NCAA recruiting rules are Aimed at Current High School Students
Being recruited as a student athlete is a task requiring lots of time and dedication. College coaches are actively seeking high school athletes because of their current athletic involvement. As a high school graduate or college student, you will need to make your presence known to coaches in order to gain exposure.
Understanding the Recruiting Timeline
Once student athletes graduate from high school, their NCAA eligibility clock begins ticking. Athletes have approximately five years to complete four years of college eligibility at the NCAA Division I and Division II levels. High school seniors and graduates who do not sign an NLI within the mandated time frame for their sport will no longer be recruited by college coaches.

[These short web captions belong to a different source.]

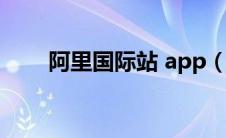 阿里国际站 app（阿里国际站登陆）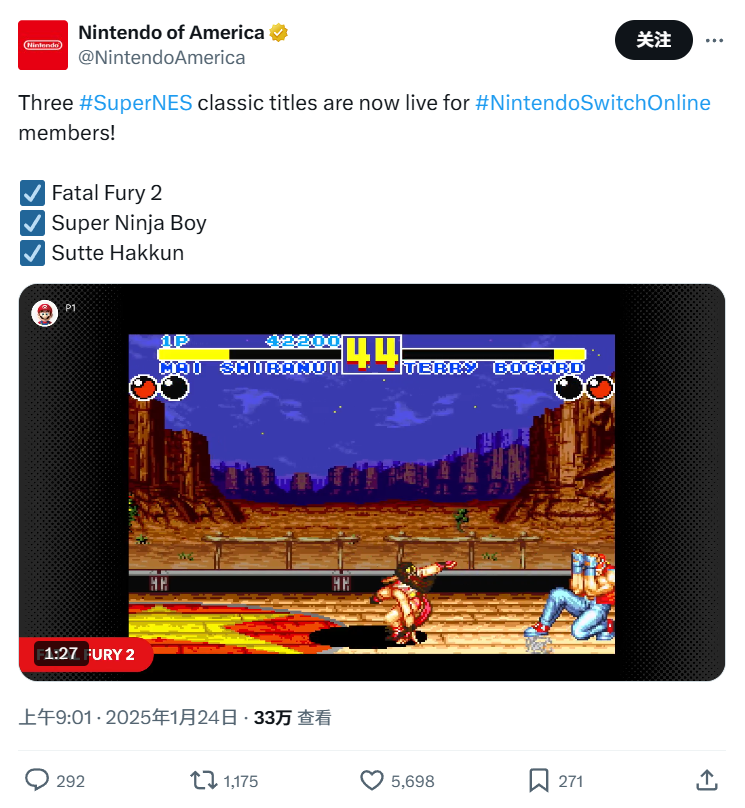 任天堂 Switch Online 会员服务新增 3 款经典 SFC 游戏：《饿狼传说 2》等
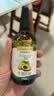 爷爷的农场牛油果油辅食油110ml 热炒凉拌鳄梨油  送宝宝婴儿辅食6-12月食谱 实拍图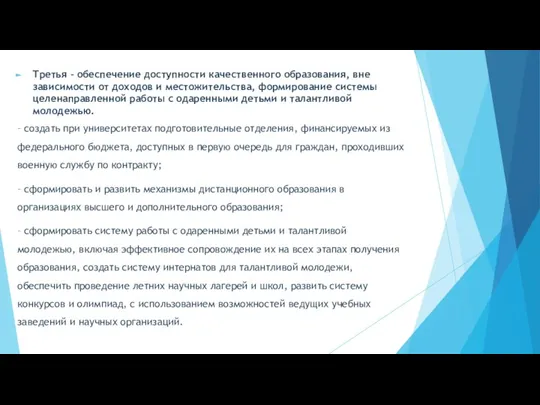 Третья – обеспечение доступности качественного образования, вне зависимости от доходов и местожительства,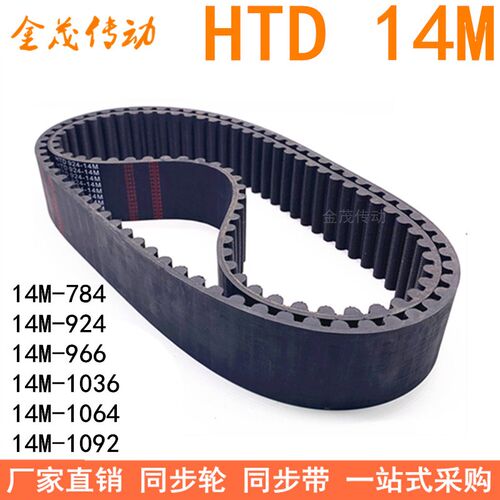 皮带782784-14M 826924-14M 966-14M 1036-14M 1064-14M 10781092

Another obstacle that graduated players face when trying to find a college team to play for is keeping up with sports training and skill development. Athletes that have been sedentary and have not been active in their sport will be passed over quickly by college coaches. If you are still looking for the right program, you will need to find a way to continue training and competing.
College coaches want to get a sense of the type of player they are dealing with and want to view current video and current competitive standings. If you are not involved in playing your sport, it will be difficult for coaches to understand your athletic ability. In some cases, there are special circumstances; check out how this college freshman was able to get noticed by college basketball coaches.
If you are already enrolled in college, reach out to the college coach of your sport, ask about walk-on opportunities, and explain to them why you want to be a part of the team. As an enrolled student, you may have an advantage of being considered for walk-on tryouts.
Contact college coaches at universities that you want to apply to and study at. At this point, you will not be actively recruited because you are not a high school senior. Your best chance is to inquire about “walk-on” opportunities. Send coaches your sports resume and a current skills video. From here, you will need to be enrolled in a college in order to try out for the team.
Athletes who are able to join athletic programs will not be more than likely offered an athletic scholarship until their second competing season, which gives coaches time to evaluate the player and determine if they are ready to continue being part of a team. Walk-on athletes will be eligible to receive other forms of financial aid during their initial year. It’s not unheard of for walk-ons to gain athletic scholarships, but it is rare.
Consider NCAA DIII, NAIA, and NJCAA
High school graduates should not limit themselves to contacting only NCAA sports programs. The NAIA and the NJCAA have outstanding sports teams that may be a perfect fit for student athletes.